NFL Week 17 Preview: Jets at Patriots
The New York Jets visit the New England Patriots in Week 17 of the 2017 NFL season. PFF previews the top player matchups of the game.
PFFELO Ranking: 28
Coverage by: Cyrus Geller
Matchup: New York Jets offense vs New England Patriots defense
- WR Robby Anderson vs. CB Malcolm Butler – Anderson has had a very nice 2017 season, as he currently ranks 13th out of 90 qualified receivers in yards per route run at 1.99. His overall grade of 78.3 leads the Jets receivers and puts him 32nd out of 116 qualified receivers. He will likely see a lot of Malcolm Butler, who hasn’t been terrific this year. He has allowed 698 yards in coverage, which is the seventh-most among all cornerbacks this season, and his overall grade of 78.8 ranks 47th out of 121 qualified cornerbacks.

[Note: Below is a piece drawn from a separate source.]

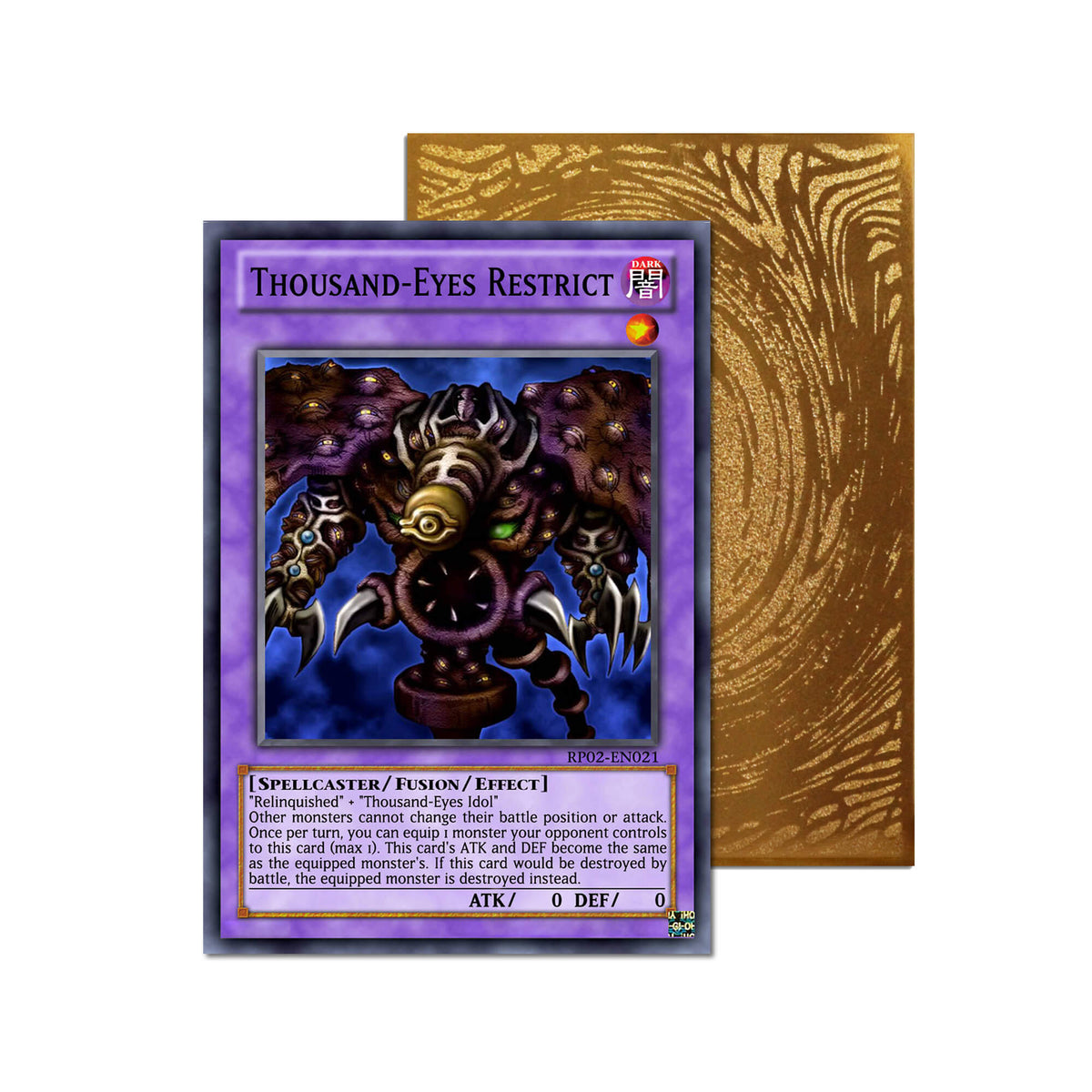 Thousand-Eyes Restrict Metal Orica Card-1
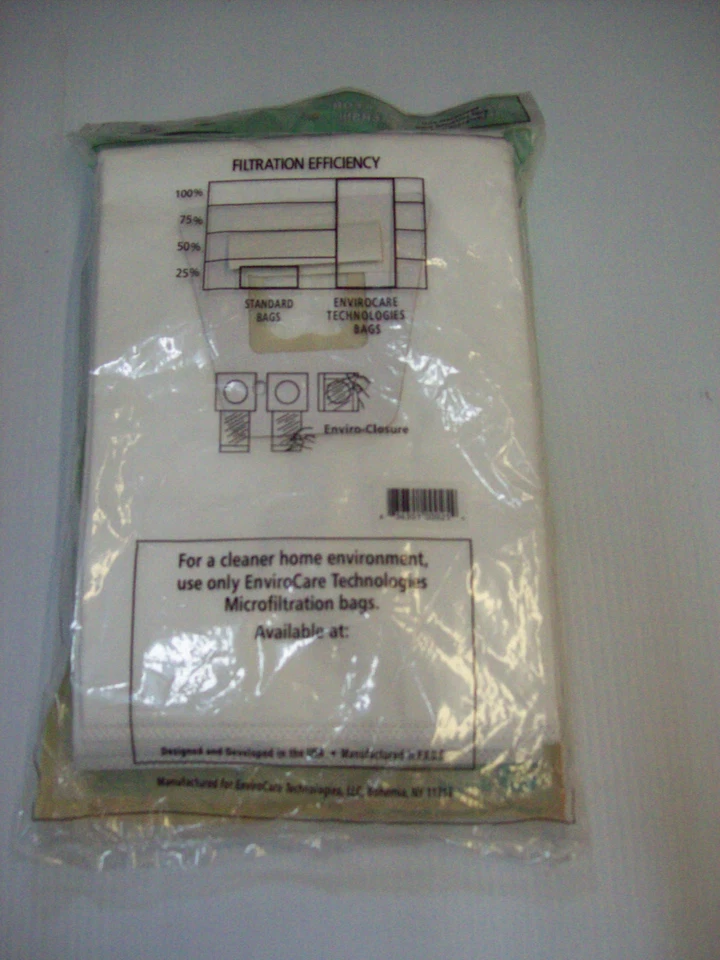 Electrolux Sanitaire ST Micron Anti- Allergen Filtration Vacuum 5 Bags 63213B-10 - Image 2 of 2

- G James Carpenter vs. ED Trey Flowers – Carpenter has a pass-blocking efficiency of 94.9 in 2017, which ranks tied for 62nd out of 77 qualified offensive guards. He will likely be faced with controlling Trey Flowers, New England’s best pass-rusher, who moves to the interior in the nickel package. Flowers has an overall grade of 83.7 this year, which puts him 24th out of 111 qualified edge defenders. It will be interesting to see if Carpenter can hold his own against the youngster.
- WR ArDarius Stewart vs. CB Stephon Gilmore – This is an area where the Patriots will have a significant advantage. When the Jets move Jermaine Kearse to the slot, Stewart will have a tough time with Gilmore outside. Stewart’s overall grade of 51.5 would put him 82nd out of 116 receivers if he qualified. Gilmore on the other hand, is tied for 22nd among 121 cornerbacks with an overall grade of 84.5. However, Gilmore is coming off a tough game against the Bills, in which he allowed five of the seven balls thrown his way to be completed for a passer rating of 103.3. We will see if he can bounce back this week.
Coverage by: Andrew Fleischer
Matchup: New England Patriots offense vs. New York Jets defense
- QB Tom Brady vs. S Marcus Maye – Tom Brady looks set to complete the 2017 regular season as the quarterback with the highest overall grade. He sits at 94.8 through 16 weeks and is the only elite-graded quarterback in the league. Brady’s spent a significant portion of his career capitalizing on a quick release, but this year he leads the league in what might be an unexpected category. He’s completed 62.8 percent of his passes that take 2.6 seconds or more for him to throw, which is No. 1 among qualifying quarterbacks, and 16 of his 30 touchdowns came from throws that took 2.6-plus seconds to develop. Jets safety Marcus Maye will often be the safety involved in these longer-developing plays. Maye’s 45.1 cover snaps per reception is the ninth-best mark among qualifying safeties, as is his 0.34 yards allowed per snap in coverage.
- WR Brandin Cooks vs. CB Morris Claiborne – Brandin Cooks is the Patriots’ highest-graded wide receiver at 78.1 overall, tied for 33rd out of 116 qualifying wide receivers. His wide receiver rating of 107.7 is the 13th-highest rating among 90 qualifying wide receivers. In the teams’ Week 6 matchup, cornerback Morris Claiborne covered Cooks on all but one of Cook’s targets lined up outside, and 74 of Cook’s 93 yards were gained in Claiborne’s coverage. Claiborne’s overall grade of 44.5 is tied for 103rd out of 121 eligible corners. He’s allowed 1.09 yards per coverage snap, a figure tied for 56th among 123 eligible cornerbacks.
- RB Dion Lewis vs. LB Demario Davis – Dion Lewis owns the second-best overall grade among qualifying running backs through 16 weeks at 89.8. His 83.0 elusive rating is third-best, and he still has yet to allow a single pressure on 32 pass-blocking snaps on the season. Linebacker Demario Davis presents a significant challenge as a run defender. His 85.4 overall grade is ninth-best out of 93 qualifying linebackers, while his 35 run stops are sixth-most out of 54 qualifying inside linebackers. His 12.7 tackling efficiency against the run is merely 44th out of 77 eligible inside linebackers, and his performance in this area will be key to limiting what Lewis does best.